The Mortgage Loan Place offers a free 20 page guide titled, "A Complete Guide to FHA Loans" (PDF download). Anything that has "Complete" in the title will cause me to raise an eyebrow. I'm on the retentive side, and "complete" to me means COMPLETE. And really, by definition, a "guide" can hardly ever truly be deemed complete.
That said, this guide is well structured and contains a significant amount of information for the real estate consumer considering financing options, including FHA refinance loans.

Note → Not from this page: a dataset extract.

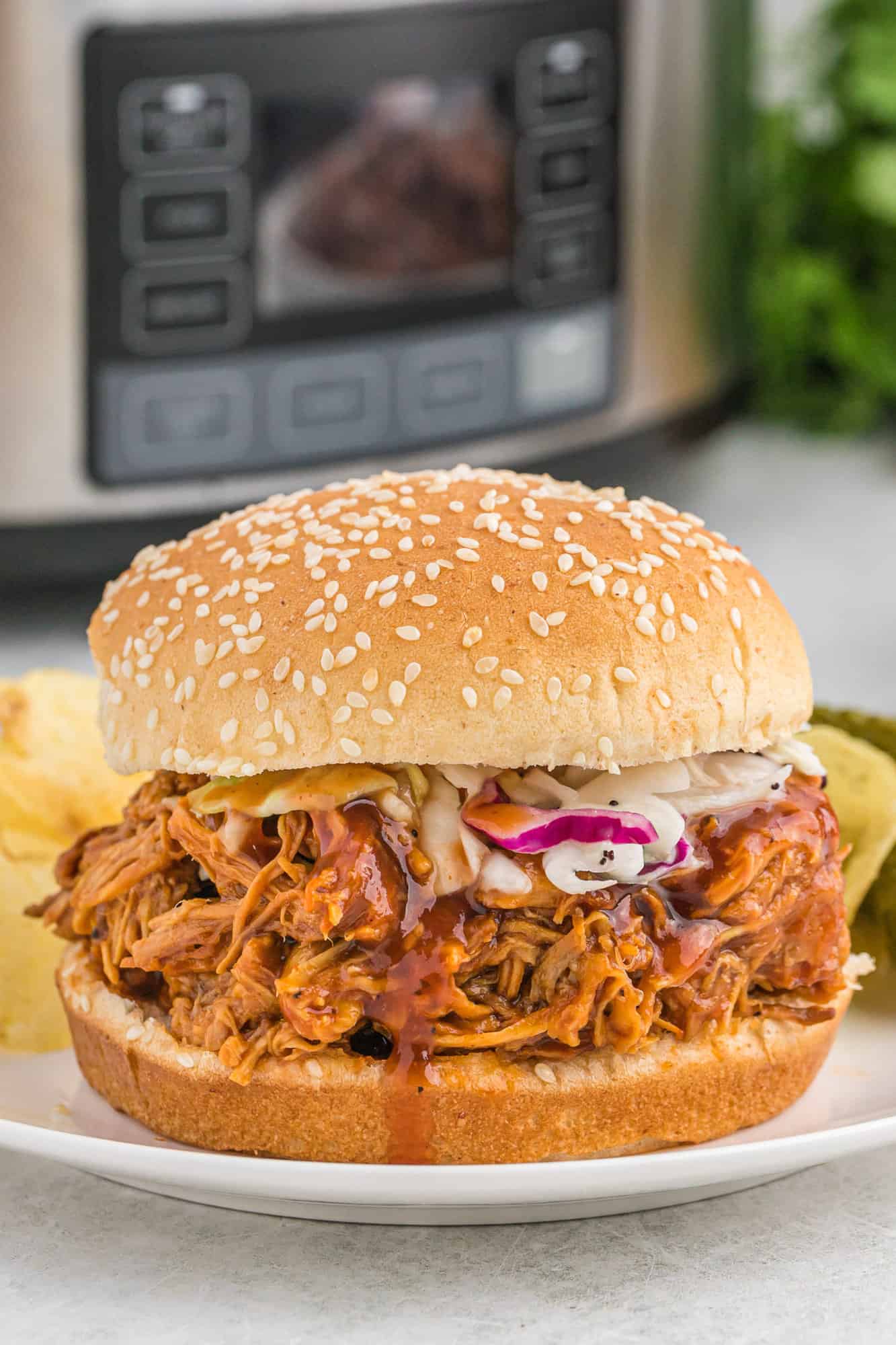 Crockpot BBQ chicken on a bun with coleslaw.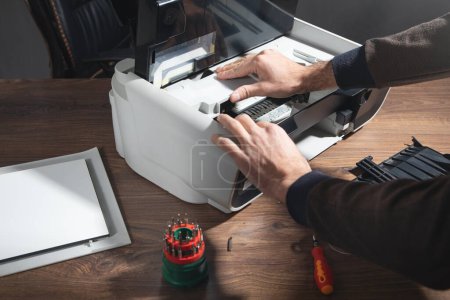 Photo for Caucasian man repairing digital printer. - Royalty Free Image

As a guide of this sort should have, it contains sections on the whats, whys and hows of FHA loans. It even delves into various types of loan products such as option ARMs, interest only loans and fixed rates. A nice addition are sections on possible changes to the FHA program, HUD owned homes and the HUD "Good Neighbor Next Door" Program. The guide is well written, at a basic level that is easily understood by non-real estate professionals — it's obvious intended target.
One thing I appreciate about the guide is that clearly it is not a platform for shameless self-promotion by the Mortgage Loan Place. There is no, "use us for your FHA loans, we're the obvious choice" type of stuff. In fact, they encourage people to speak with different lenders. Other than non-intrusive "Mortgage Loan Place" text in the page footers, there is no other mention of the author/sponsor — not even a contact number or embedded link. It's pretty darn transparent information.
I really only have two points of minor criticism: 1) the document is not dated. Perhaps that is done so it is never "out of date", but undated documents that contain timely information that can change tends to bug the old semiconductor engineer in me. The use of terms like "testified recently" and "passed by the House last year" just begs for us to know when the document was written. 2) There a frequent references to the FHA loan limits. I can understand not putting in limit table, as they vary by metro area and county and any table could swiftly be rendered out of date. But why not embed a link to HUD's FHA Limits page? A real estate professional should know where to find the limits, and yes, the average consumer is more than capable of searching for them, but why not make it simple and embed the link.
The Complete Guide to FHA Loans is a document with a lot of pertinent information. Good for the consumer, and a decent refresher for a real estate agent who hasn't had to recently deal with an FHA buyer.